■ YOUR GOAL ■
With pictures left out, retype exactly the lines from the one containing "this 1200×675 image." through the final line of the entries.

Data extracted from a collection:

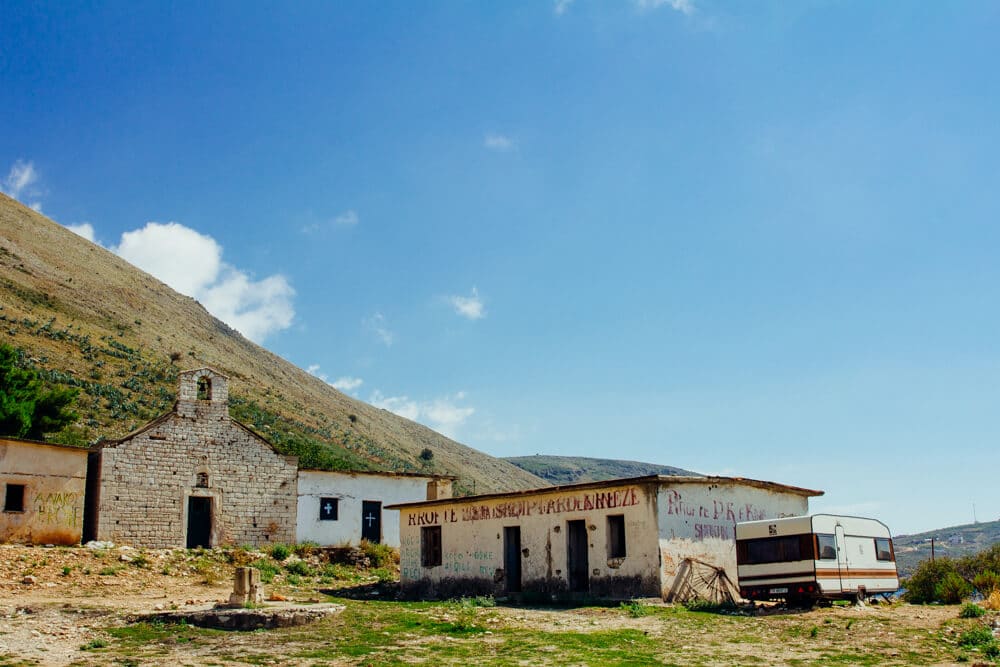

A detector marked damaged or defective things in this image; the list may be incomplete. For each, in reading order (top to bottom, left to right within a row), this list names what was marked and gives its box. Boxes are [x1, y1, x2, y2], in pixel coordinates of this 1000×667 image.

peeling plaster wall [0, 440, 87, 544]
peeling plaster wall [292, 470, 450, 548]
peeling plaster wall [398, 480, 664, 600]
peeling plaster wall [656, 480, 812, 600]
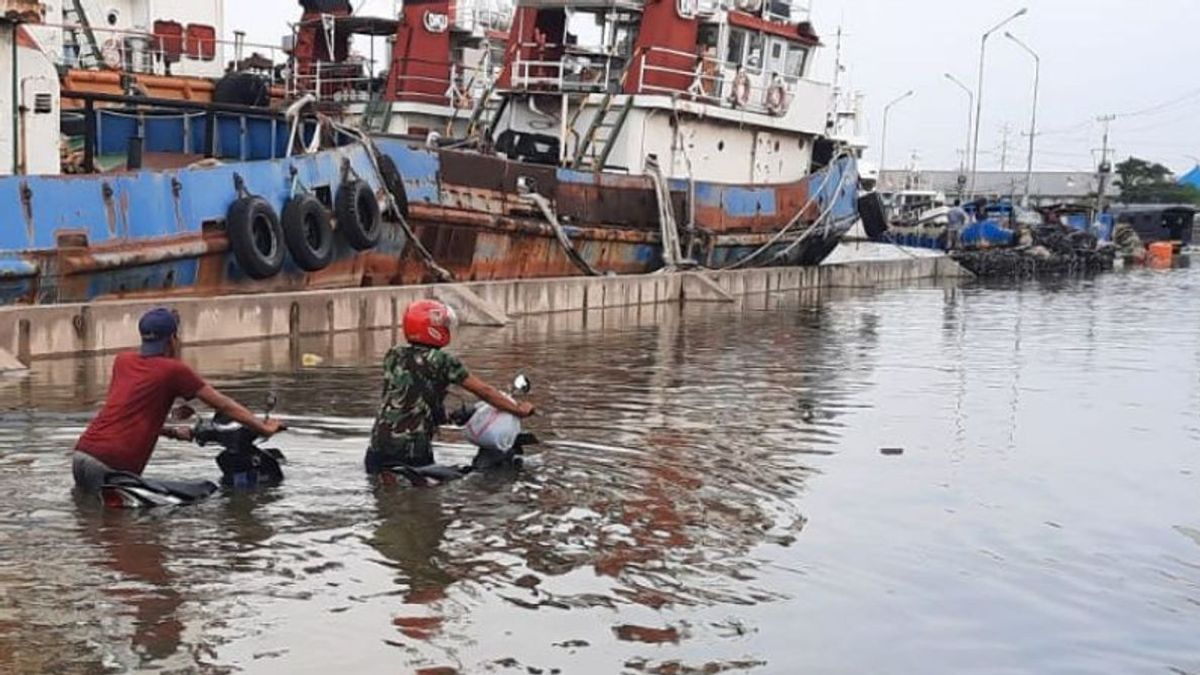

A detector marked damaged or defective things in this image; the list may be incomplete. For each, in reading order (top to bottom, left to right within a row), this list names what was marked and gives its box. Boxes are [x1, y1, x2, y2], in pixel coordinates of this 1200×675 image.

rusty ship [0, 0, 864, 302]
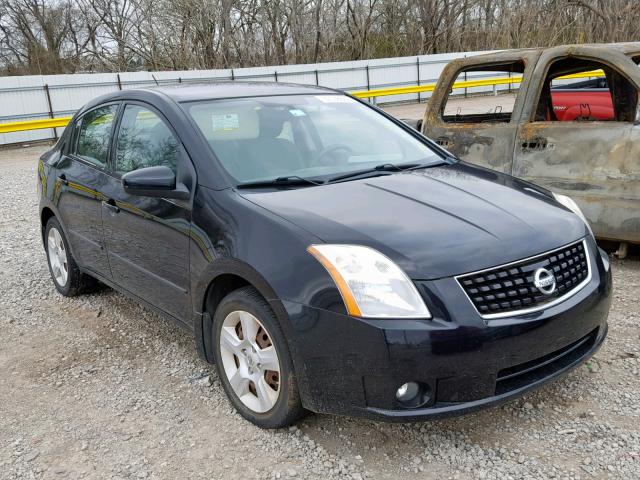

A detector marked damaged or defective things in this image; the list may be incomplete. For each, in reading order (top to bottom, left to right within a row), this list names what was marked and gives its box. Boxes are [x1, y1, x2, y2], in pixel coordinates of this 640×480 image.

■ SOLUTION ■
A detector marked damaged or defective things in this image; the list may be incomplete. For each, in reading order (top to bottom, left to right within a row), this list names what was marked and gives its box. Boxes are [x1, y1, x2, y2], in pixel coordinates of this 1200×675 image.

rusty ship [0, 0, 864, 302]

A detector marked damaged or defective things in this image; the list may be incomplete. For each, in reading order (top to bottom, left to right within a row), this list names what was marked and gives its box. Boxes are [x1, y1, x2, y2], in pixel coordinates of this 640×480 image.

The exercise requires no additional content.